En juin 2000, la Conférence Pékin+5, visant à adopter une plateforme d’action destinée à améliorer la condition des femmes dans le monde, vit, sous la pression des intégrismes, toutes les avancées majeures, comme la lutte contre les discriminations homophobes ou le droit à l’avortement, rejetées. Les Nations unies adoptèrent même un article reconnaissant que « la religion, la spiritualité et les croyances jouaient un rôle central dans la vie des hommes et des femmes ». Et depuis, l’alliance perdure.
L’opposition à l’IVG et l’offensive des tenants de l’ordre moral est multiforme et prend des allures géostratégiques. Face à cette situation, les campagnes unitaires de la gauche sociale, politique et associative et le renforcement des associations féministes telles que la Coordination des associations pour le droit à la contraception et à l’avortement (Cadac), le Collectif national pour les droits des femmes (CNDF) ou encore la Marche mondiale des femmes sont d’actualité.
Gabriel Gérard
1. Certaines ne sont que des « relais d’opinion » via blogs ou sites Internet.
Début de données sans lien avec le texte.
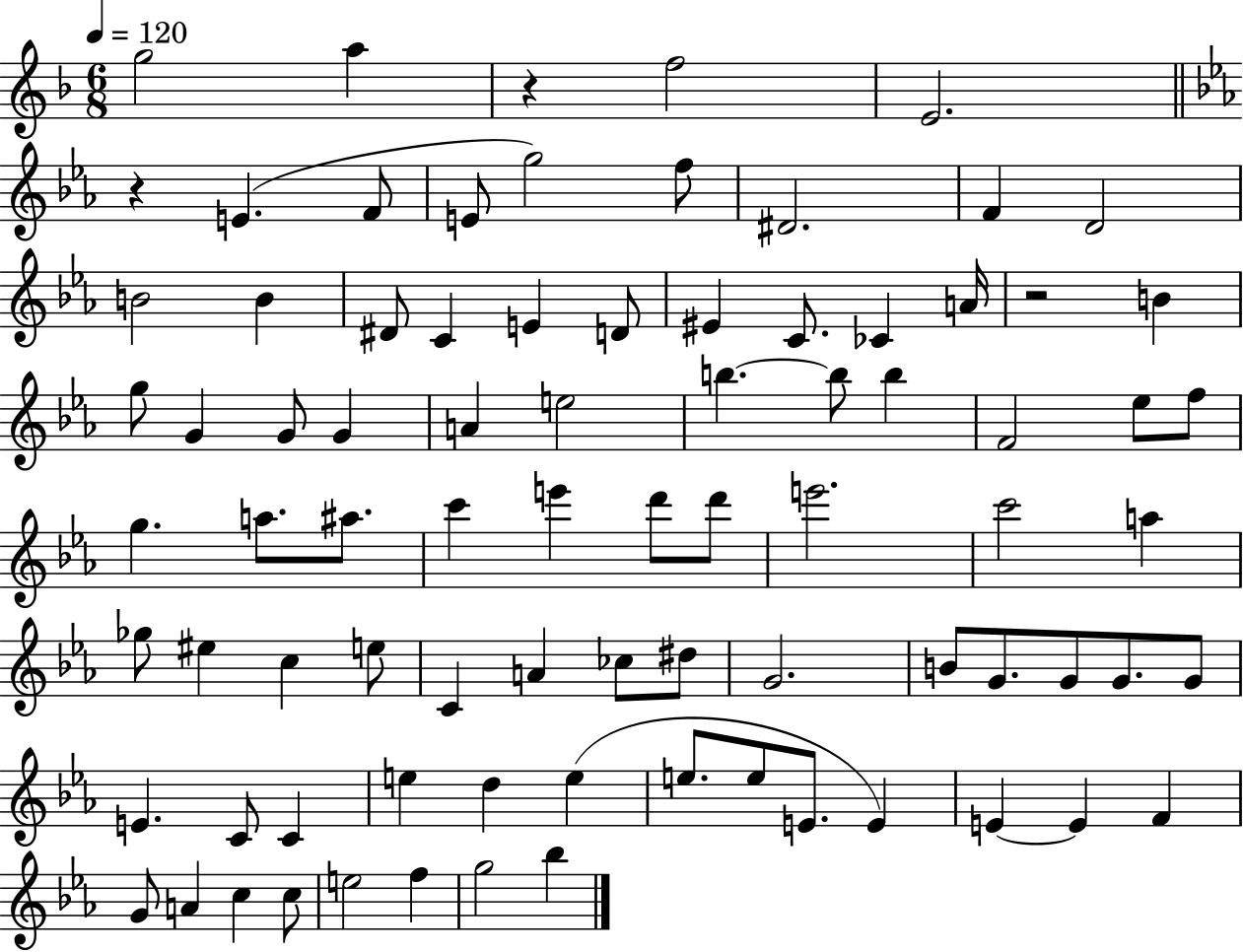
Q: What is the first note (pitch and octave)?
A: G5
D’autres revendiquent plusieurs dizaines de milliers d’adhérents dans le monde.
2. En France, le Mouvement pour la France, le Parti chrétien-démocrate voire le récent Solidarité-France, présent avec deux listes aux élections européennes de 2009 mais aussi aux prochaines élections régionales.
3. Principalement, dans l’Hexagone, le Front national et le Parti de la France.
4. Journaliste au quotidien Présent, crée au début des années 1980 dont les devises sont : « travail, famille, patrie » et « Dieu premier servi »
5. Ce texte date de 2002.
6. Ces deux associations sont dirigées par Bernard Antony, ex-dirigeant du FN. Aujourd’hui, dirigeant de la scission organisée par Carl Lang, le Parti de la France.
7. « L’opposition à l’avortement – du lobby au commando », Berg International Editeurs, 1995.
8. Le Canard enchainé, 10 février 2010.
9. Sur les méthodes de cette association, voir l’excellente enquête du mensuel Causette, n°6, janvier/février 2010, « anti-IVG, du commando au camouflage »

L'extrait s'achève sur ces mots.